Les années suivantes, James Whale revint à ses premières amours : le théâtre et la peinture. Le succès de son dernier engagement professionnel, la pièce “Pagan in the Parlour” l’emmène en France, où il entame une liaison avec un jeune homme, Pierre Foegel, qui s'instale avec lui à Los Angeles en 1953. Par la suite, sa santé décline : il subit deux accidents cérébraux en peu de temps et devient de plus en plus dépendant de son entourage. En 1957, il est retrouvé noyé dans sa piscine, à l'âge de 67 ans. Pendant plusieurs décennies, l’on croit à un accident, mais David Lewis, qui fut son compagnon durant 22 ans, finit par rendre publique une lettre d’adieu du cinéaste, qu’il avait cachée. Leurs cendres furent réunies à sa mort, en 1987.

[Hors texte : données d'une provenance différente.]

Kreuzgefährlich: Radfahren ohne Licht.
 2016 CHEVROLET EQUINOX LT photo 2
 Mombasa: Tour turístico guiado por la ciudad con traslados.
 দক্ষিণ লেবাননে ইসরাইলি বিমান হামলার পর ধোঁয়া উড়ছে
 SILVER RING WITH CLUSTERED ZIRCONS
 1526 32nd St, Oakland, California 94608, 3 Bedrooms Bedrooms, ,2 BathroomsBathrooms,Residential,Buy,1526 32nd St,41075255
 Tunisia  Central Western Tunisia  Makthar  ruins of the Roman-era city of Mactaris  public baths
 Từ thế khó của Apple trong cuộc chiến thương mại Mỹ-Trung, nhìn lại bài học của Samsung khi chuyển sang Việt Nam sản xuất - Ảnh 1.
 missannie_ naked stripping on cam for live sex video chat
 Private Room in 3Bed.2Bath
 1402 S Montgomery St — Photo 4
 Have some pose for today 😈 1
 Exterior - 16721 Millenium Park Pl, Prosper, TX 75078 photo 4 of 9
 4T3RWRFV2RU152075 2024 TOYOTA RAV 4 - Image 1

La vie de James Whale a fait l'objet d'un excellent biopic, oscarisé, Ni Dieux ni Démons (1998), réalisé par Bill Condon, lui-même gay, tout comme son interprète principal, le captivant Ian McKellen. Le film propose une savoureuse reconstitution du tournage de La Fiancée de Frankenstein. Toutefois, il imagine les parts d’ombre du réalisateur et lui prête un comportement de prédateur, dont on ne saura jamais le degré de véracité.
James Whale aurait-il approuvé les théories queers dont ses films ont fait l'objet ? Impossible de le dire, mais une chose est sûre : son identité d’homme gay a nourri son imaginaire d’artiste et infusé son œuvre de bien des manières. Son audace stylistique, sa prédilection pour les outsiders, son sens de la dérision et du camp sont des sources d’inspiration intemporelles pour les cinéastes LGBT.